*** Begin section ***
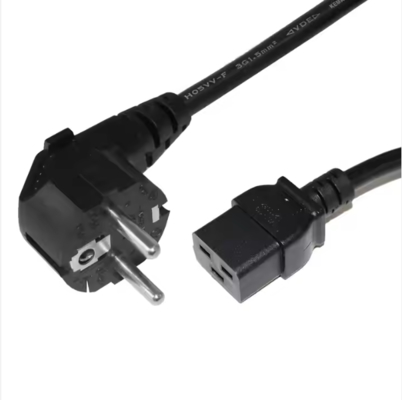 Cable de alimentación de la UE a C19 16A 250V para servidores y PDU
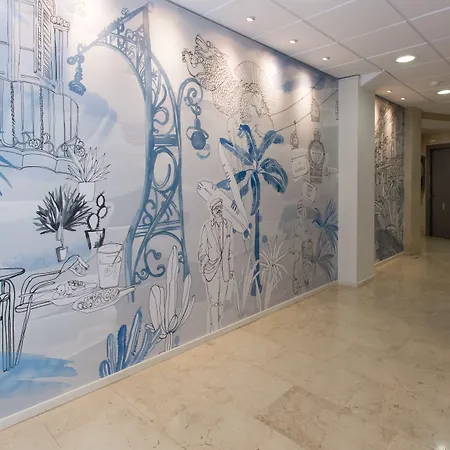 호스탈 오페라람블라스 2* 바르셀로나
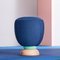 Toadstool Collection Ensemble Sofa with Table and Puffs by Masquespacio, Set of 5 5
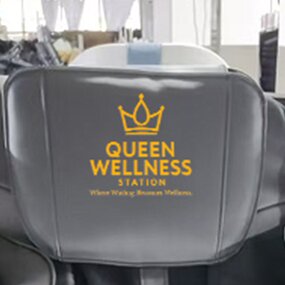 Massage-chair Cape Manufacturer - Embroidery on the Cape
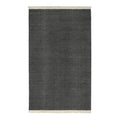 Kosas Home Miller Area Rug, Bedroom, Kitchen Living Room, 8' X 10', Charcoal Gray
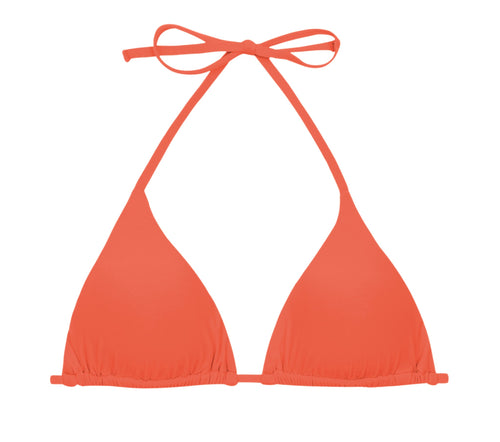Product Front: Rio De Sol Sostén Top Light-Peach Tri-Inv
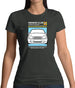 Car Owners Manual Ford Fiesta Womens T-Shirt Car Owners Manual Ford Fiesta Womens T-Shirt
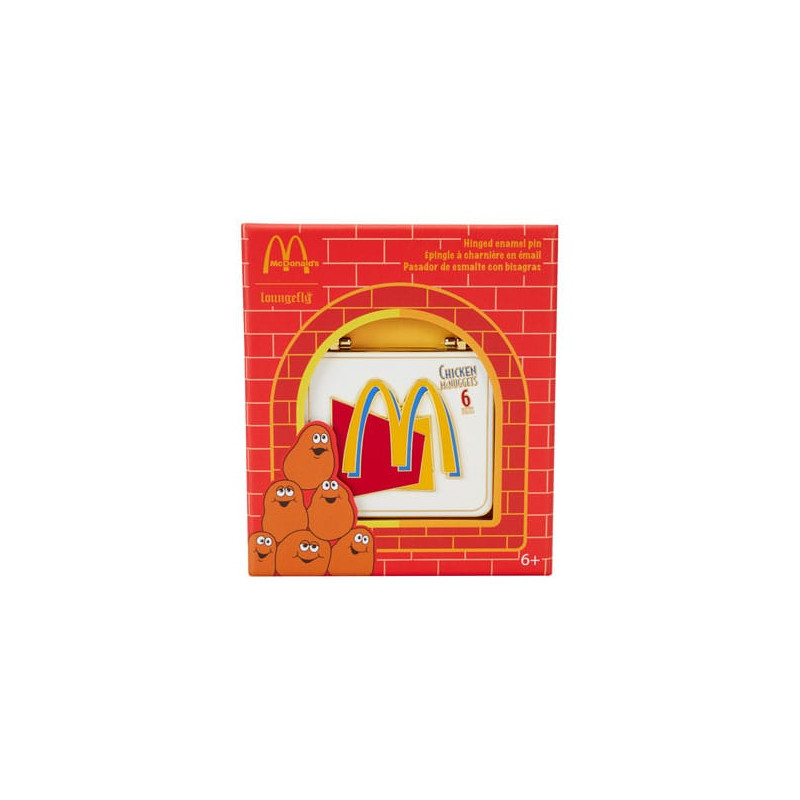 PIN'S LOUNGEFLY MCDONALDS HAPPY MEAL
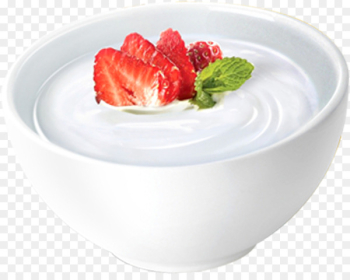 Frozen yogurt Soured milk Probiotic - Strawberry yogurt fishing 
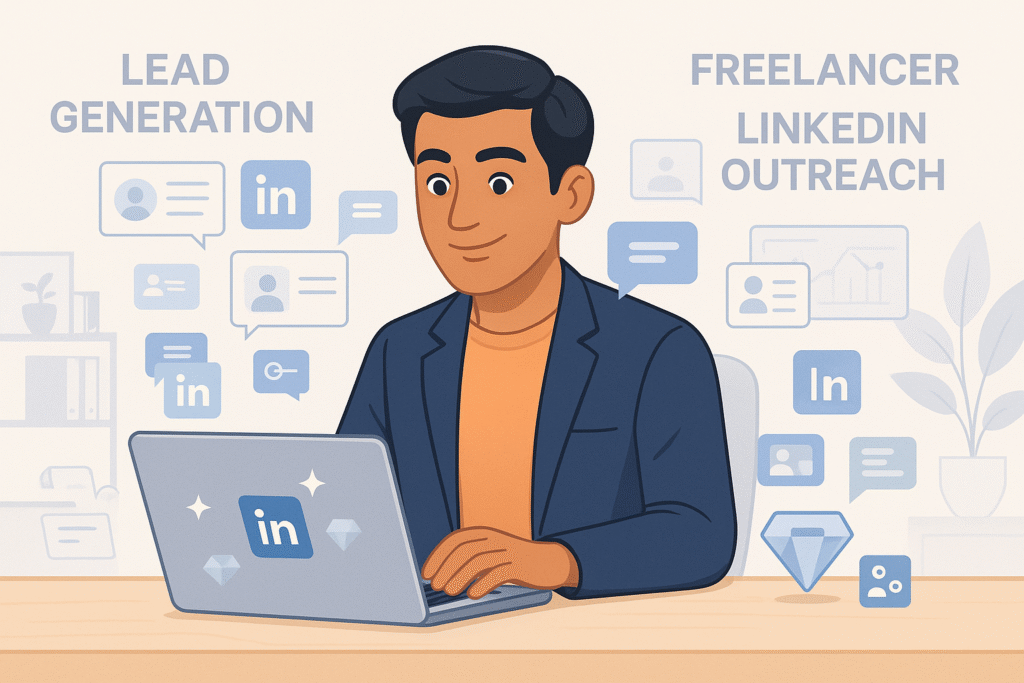 Struggling to Get Quality Leads? Let Me Be Your LinkedIn Outreach Freelancer (The Safe & Proven Way)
*** End section ***
WHAT IS BEING ASKED - Word for word, set down the lines from the line with "Product Front: Rio" through the last line of the entries, and nothing else; the pictures stay out.

EXERCISE RESULT -
Product Front: Rio De Sol Sostén Top Light-Peach Tri-Inv
 Car Owners Manual Ford Fiesta Womens T-Shirt Car Owners Manual Ford Fiesta Womens T-Shirt
 PIN'S LOUNGEFLY MCDONALDS HAPPY MEAL
 Frozen yogurt Soured milk Probiotic - Strawberry yogurt fishing 
 Struggling to Get Quality Leads? Let Me Be Your LinkedIn Outreach Freelancer (The Safe & Proven Way)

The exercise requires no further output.